Mechanisms of probiotics, fecal microbiome transplantation, engineered microbiota, and phage therapy. (A) Effect of probiotics. Prebiotics could promote the growth of probiotics. Probiotics colonize in the intestine and reshape the microflora. These beneficial microbiotas could regulate intestinal conditions (increasing anticancer substances and decreasing carcinogens). In addition, they also enhance the intestinal barrier function. Some probiotics enable translocation to tumor tissue and regulate signal pathways, inflammation, and metabolic conditions. (B) Fecal microbiome transplantation. Fecal microbiota from drug‐sensitive patients can overcome drug resistance and improve the anti‐tumor effects in patients with poor drug response through microbiota remodeling. (C) Engineered microbiota. The microbiota is engineered and equipped with the target gene and the nanoparticle coating layer. The engineered microbiota easily spreads into the bloodstream and the tumor tissue and then secretes target molecules that help kill tumors. (D) Phage display and phage vector. Phage display requires five steps: polypeptide‐displayed phage libraries generation and amplification, target molecule binding, removing unbound and nonspecific phages, elution of target‐bound phages and infection of host bacteria, and replication.
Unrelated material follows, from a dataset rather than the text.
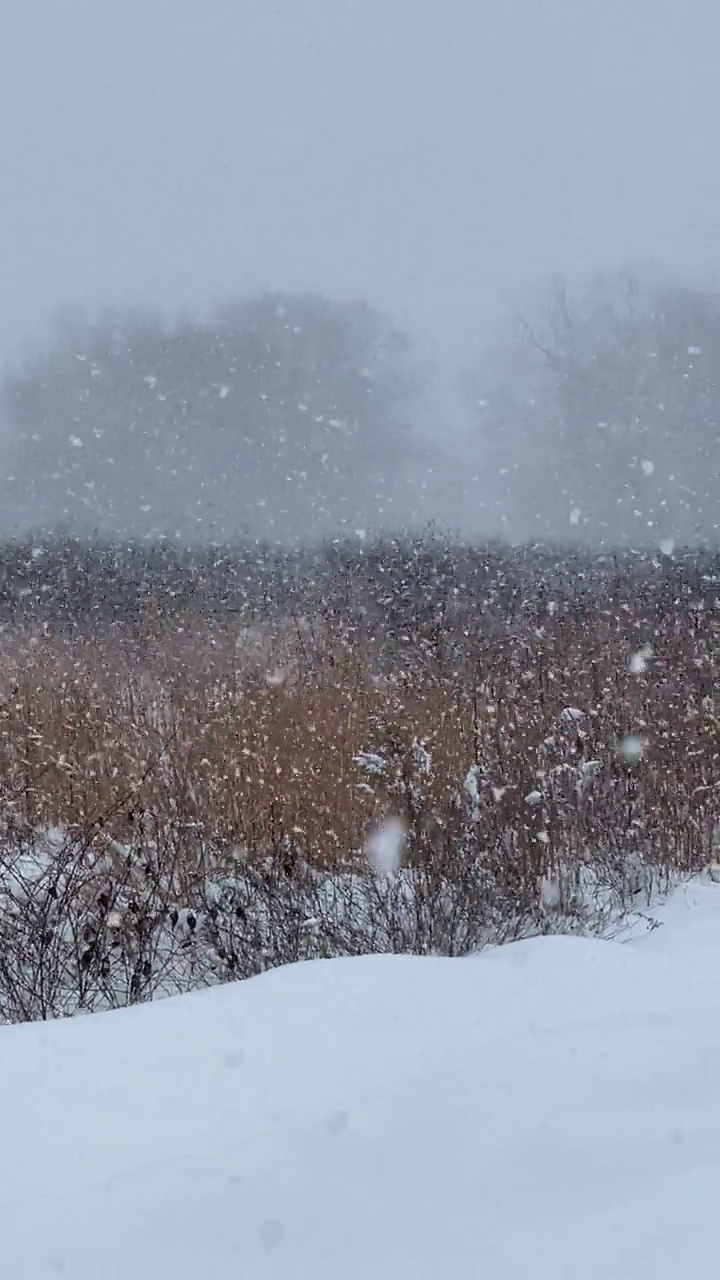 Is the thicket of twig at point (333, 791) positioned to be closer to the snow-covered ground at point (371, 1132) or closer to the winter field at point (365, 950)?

These infective bacteria help in the early diagnosis, treatment, and prevention of cancer vaccines. Phages such as adeno‐associated viruses combined with therapeutic genes could enter the tumor cell and translocate nuclei into DNA. These genes enable the expression of toxins that cause apoptosis in tumor cells. Abbreviations: SCFAs, short‐chain fatty acids; FMT, fecal microbiome transplantation. Biorender supported the materials in Figure 4.

FIGURE 5

Mechanisms of oncolytic virus therapy. Oncolytic viruses (OVs) produce effects in two main ways. One is an oncolytic effect whereby OVs infect and replicate in selective tumor cells, eventually leading to tumor lysis. The other is that OVs aim at selective tumor cells and result in oncolysis, releasing viral and tumor‐associated antigens, danger‐associated molecular patterns (DAMPs), pathogen‐associated molecular patterns (PAMPs), T cell attracting cytokines and interferons, thereby recruiting and activating DCs, NK cells, and T cells, thus enhancing the anti‐tumor immunity. OVs also have a property that can express and release transgenic products as vectors in malignant cells. Abbreviations: DAMPs, danger‐associated molecular patterns; DC, dendritic cells; NK, natural killer cell; OVs, oncolytic viruses; PAMPs, pathogen‐associated molecular patterns. Biorender supported the materials in Figure 5.